Earth is made from chondrite, very primitive rocks of meteorites that date from the earliest time of the solar system before the Earth was formed. However, scientists have been puzzled why the composition of Earth’s mantle and core differed from that of chondrite. Hernlund’s findings suggest that an ancient magma ocean swirled beneath the Earth’s surface and would account for the discrepancy.
“As the thick melted rock cooled and crystallized, the solids that resulted had a different composition than the melt,” explains Hernlund, a post-doctoral fellow at UBC Earth and Ocean Sciences.
“The melt held onto some of the elements. This would be where the missing elements of chondrite are stored.”
He says this layer of molten rock would have been around 1,000 km thick and 2,900 km beneath the surface.”
Published in today’s edition of the journal Nature, Hernlund’s study explores the melting and crystallization processes that have controlled the composition of the Earth’s interior over geological time. Co-authors are Stephane Labrosse, Ecole Normale Superieure de Lyon and Nicolas Coltice, Universite de Lyon.

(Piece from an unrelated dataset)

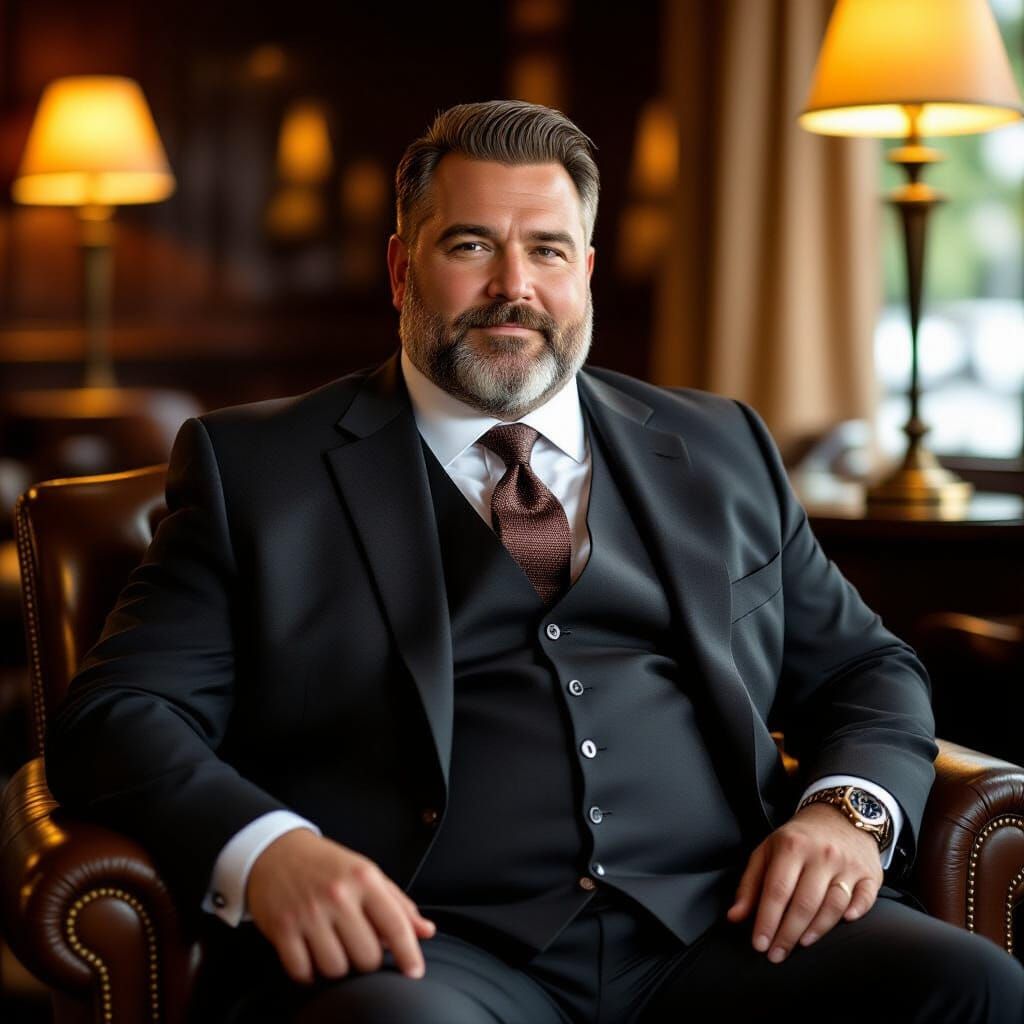 Confident Man in Suit with Golden Lighting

The centre of Earth is a fiery core of melted heavy metals, mostly iron. This represents 30 per cent while the remaining 70 per cent is the outer mantle of solid rock.

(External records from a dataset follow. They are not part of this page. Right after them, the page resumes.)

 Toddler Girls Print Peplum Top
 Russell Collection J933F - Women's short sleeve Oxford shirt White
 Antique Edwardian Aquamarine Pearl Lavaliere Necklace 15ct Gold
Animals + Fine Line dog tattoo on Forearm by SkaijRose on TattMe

Traditional views hold that a shallow ocean of melted rock (magma) existed 1,000 km below the Earth’s surface, but it was short lived and gone by 10 million years after the formation of Earth.
In contrast, Hernlund’s evolutionary model predicts that during Earth’s hotter past shortly after its formation 4.5 billion years ago, at least one-third of the mantle closest to the core was also melted.
The partially molten patches now observed at the base of the Earth’s mantle could be the remnants of such a deep magma ocean, says Hernlund.